President Donald Trump has announced that his administration will investigate instances of voter fraud during the 2016 presidential election to produce the evidence for his unsubstantiated assertions that illegal voting had cost him the popular vote. By Trump's criteria, his own White House chief strategist, Steve Bannon, is guilty of voter fraud.
On Jan. 25, Trump announced on social media that his administration would investigate his assertions of widespread voter fraud during the presidential election, according to The Washington Post.
"I will be asking for a major investigation into VOTER FRAUD, including those registered to vote in two states, those who are illegal and even, those registered to vote who are dead (and many for a long time)," Trump tweeted out. "Depending on results, we will strengthen up voting procedures!"
Based on Trump's statement that being registered on the voting rolls of two different states constitutes voter fraud, Bannon would be in violation. On Election Day, the former Breitbart News CEO was registered to vote in both New York and Florida.
On his voter registration form, Bannon listed his address in New York City and ultimately voted in the state by absentee ballot. Meanwhile, Bannon was also registered in Sarasota County, Florida.

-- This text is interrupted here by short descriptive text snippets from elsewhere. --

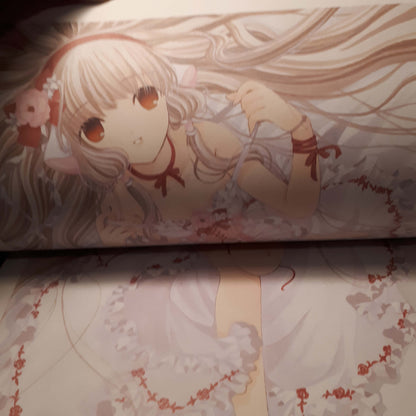 A close-up of printed artwork featuring an anime-style girl with long pale blonde hair, large brown eyes, and a white dress with red ribbon details, shown on a printed surface. from chobits your eyes only artbook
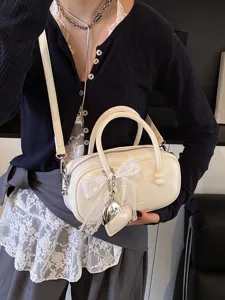 Chic white bowling bag for women, trendy lace bow crossbody handbag with stylish heart charm.
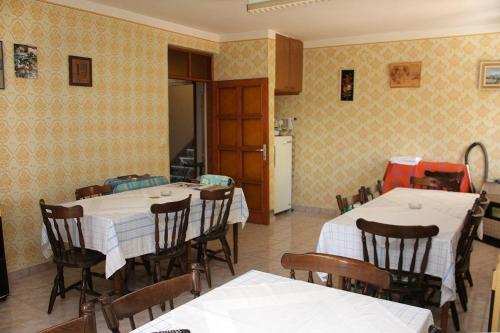 a dining room with tables and chairs and a kitchen at Apartments and rooms with parking space Palit, Rab - 3195 in Rab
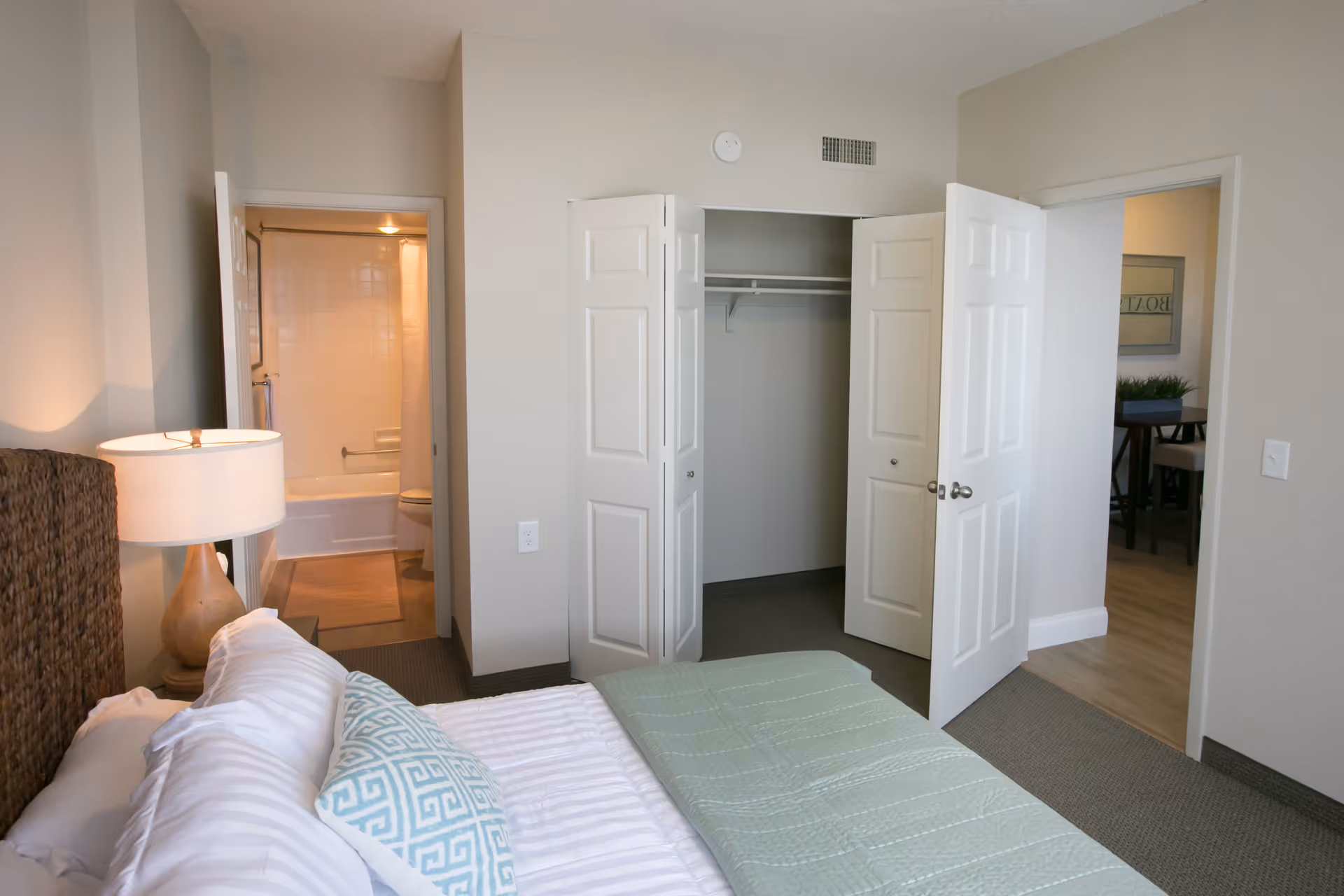 A bedroom with a neatly made bed featuring white and patterned pillows and a light green quilt. To the left of the bed is a wooden lamp on a nightstand. The room has an open closet with white double doors and an open door leading to a bathroom with a bathtub and toilet visible. Another open door leads to a dining area with a table and chairs.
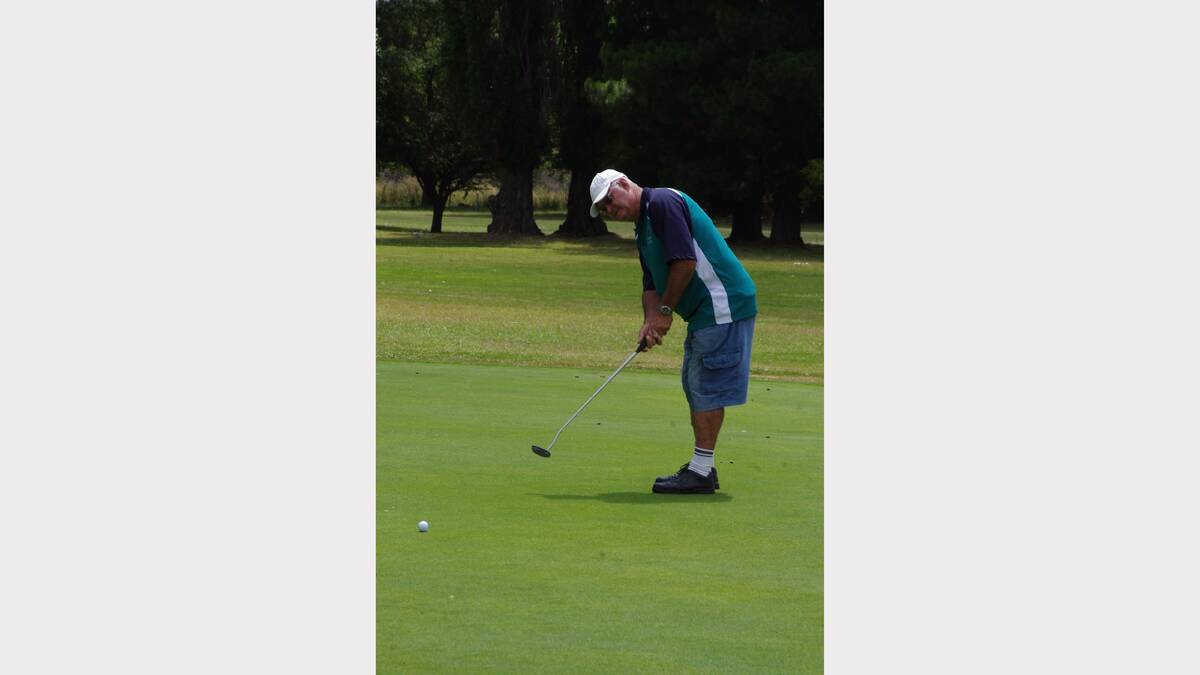 LAST HOLE: Bob Todkill takes aim at the 18th pin during his round of Golf with the RSL Social yesterday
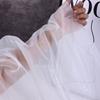 The thickened and encrypted soft light organza fabric can be used for wedding dresses evening gowns and designer clothing fabric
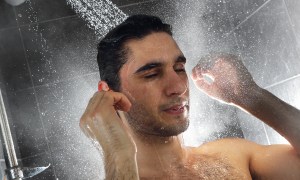 Man taking a shower washing his hair.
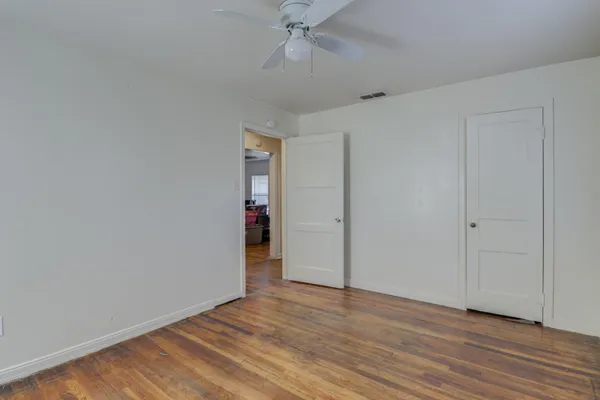 a view of an empty room with wooden floor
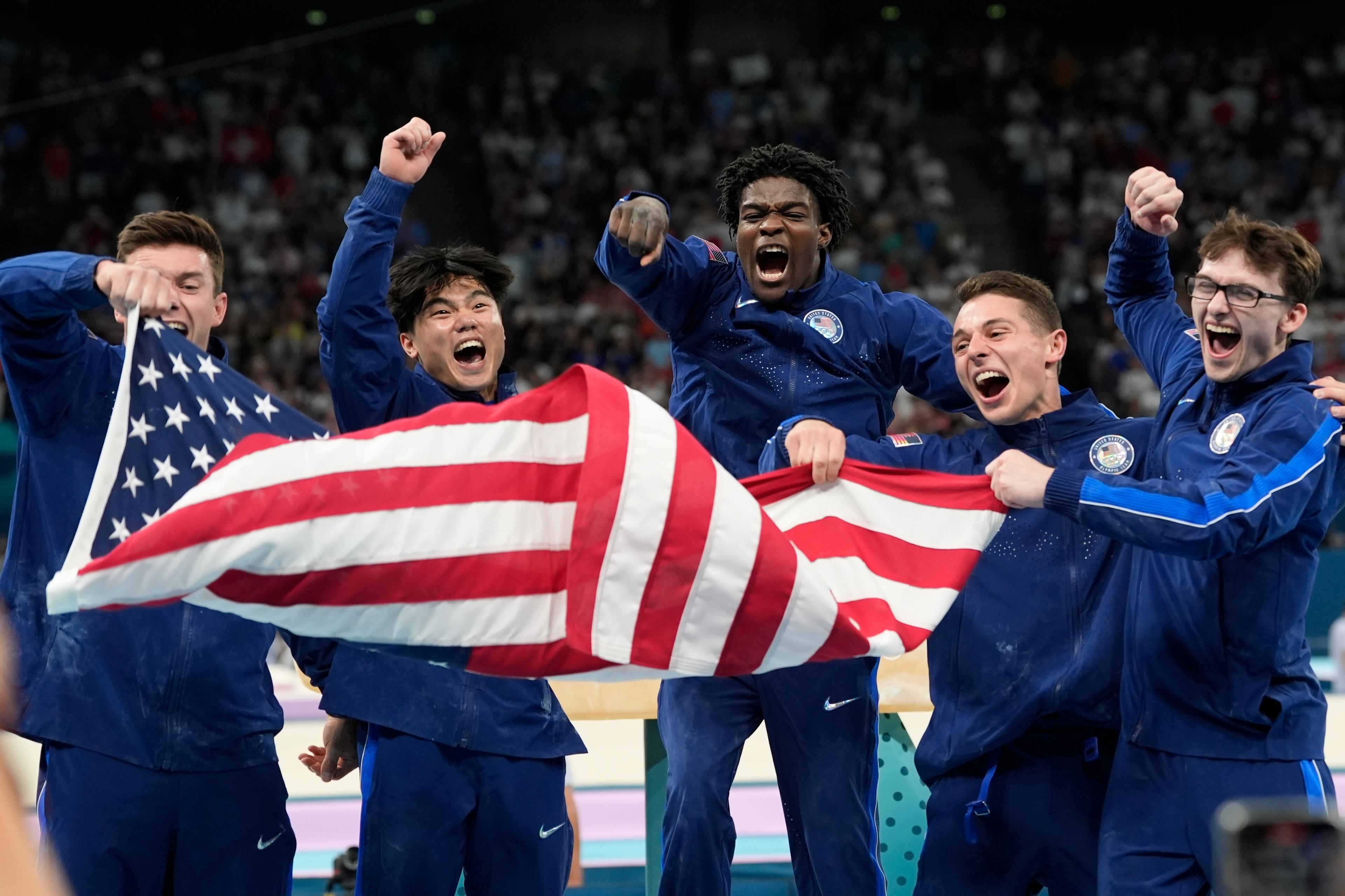 Five male USA gymnasts cheer while holding the American flag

In April 2014, Bannon had also registered to vote in Dale County, Florida, despite physically living in Laguna Beach, California. He had listed a house that he had rented for his ex-wife as his Florida address, and there is continuing controversy over whether or not he had ever occupied that home, according to the Sarasota Herald Tribune.
Bannon registered to vote in New York in October 2016, despite remaining on the Sarasota registry since August 2016. On Nov. 7, the day before the presidential election, he sent a letter to former Sarasota County Elections Supervisor Kathy Dent requesting to be removed from the Florida rolls. The current Sarasota county supervisor, Ron Turner, has stated that their office had never received the letter.
On Jan. 24, White House press secretary Sean Spicer had justified Trump's repeated assertions that millions of votes cast during the election were illegal by citing a 2012 Pew Research Study that found that 2.7 million registered voters were on the rolls of in two states or more.
The author of that study, David Becker, has stated that they did not find evidence that voters with multiple registrations had cast double ballots.
In November 2016, Trump had ignited controversy when he asserted without evidence that millions of illegal votes had cost him the popular vote.
"In addition to winning the Electoral College in a landslide, I won the popular vote if you deduct the millions of people who voted illegally," Trump tweeted out.
On Jan. 23, Trump repeated his assertion during a bipartisan meeting with congressional leaders. Spicer has stated that the president believes that between 3 million to 5 million illegal votes were cast during the election.